Un jeune homme richissime, noceur et alcoolique, se range en épousant une jeune fille dont son meilleur ami est épris en secret. Pensant être stérile, il devient fou quand sa femme lui apprend qu’elle est enceinte et la soupçonne de le tromper avec son ami.

Remake chinois d’Ecrit sur du vent, le chef d’œuvre de Douglas Sirk, émaillé de jolies chansons. Ici, on est en plein mélodrame flamboyant : l’image est incandescente et le début du film, filmé de façon assez originale, comme un tourbillon pour évoquer le débauche du héros, est de bonne augure. Mais très vite, le film s’enlise comme un médiocre soap opéra , interprété de façon ridicule. Angela Yu, futur star chinoise du film érotique (elle a d’ailleurs quelques scènes topless osées pour l’époque) est catastrophique dans le personnage de sœur débauchée si brillamment joué par Dorothy Malone dans la version d’origine.

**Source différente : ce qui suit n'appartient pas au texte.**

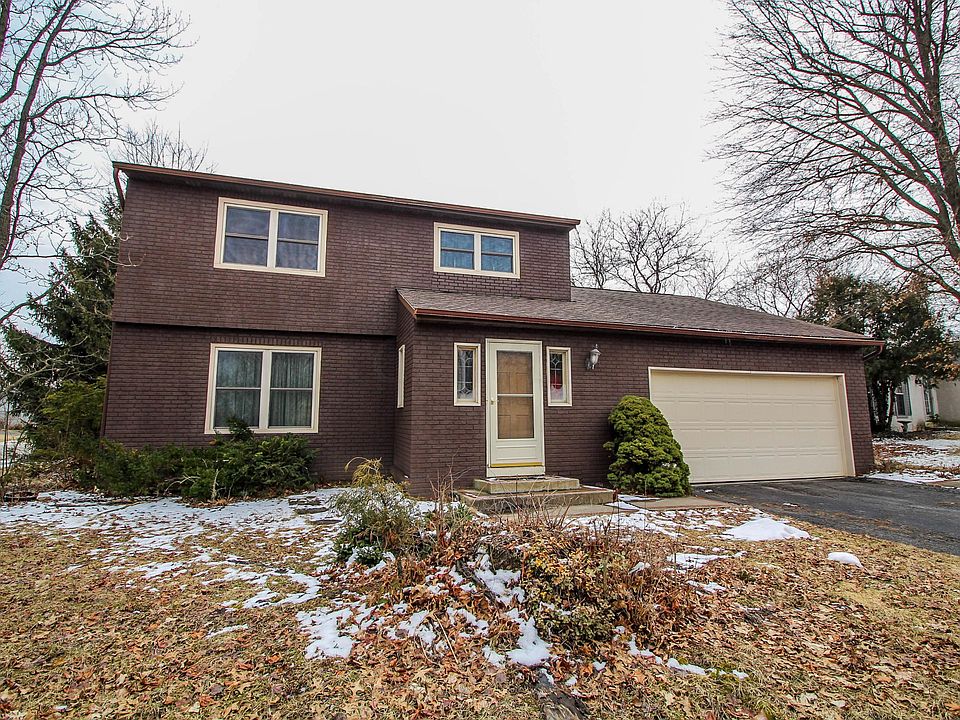 1st image of 121 Leawood Dr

Ici, les personnages n’ont aucune profondeur et on ne comprend pas bien pourquoi le jeune marié bascule dans la folie et sombre à nouveau dans l’alcool.
L’histoire a été remaniée : à la fin tout s’arrange , la jeune femme garde son bébé et son mari, raisonné par le médecin de famille, comprend son erreur et revient près d’elle. Un happy end qui vient rajouter un coté roman photo à 4 sous.
Coté chansons et musiques, le film est très occidental. Jenny Hu est fort joliment doublé par une soprano qui interprète entre autre un air classique du folklore napolitain en chinois et plusieurs ballades.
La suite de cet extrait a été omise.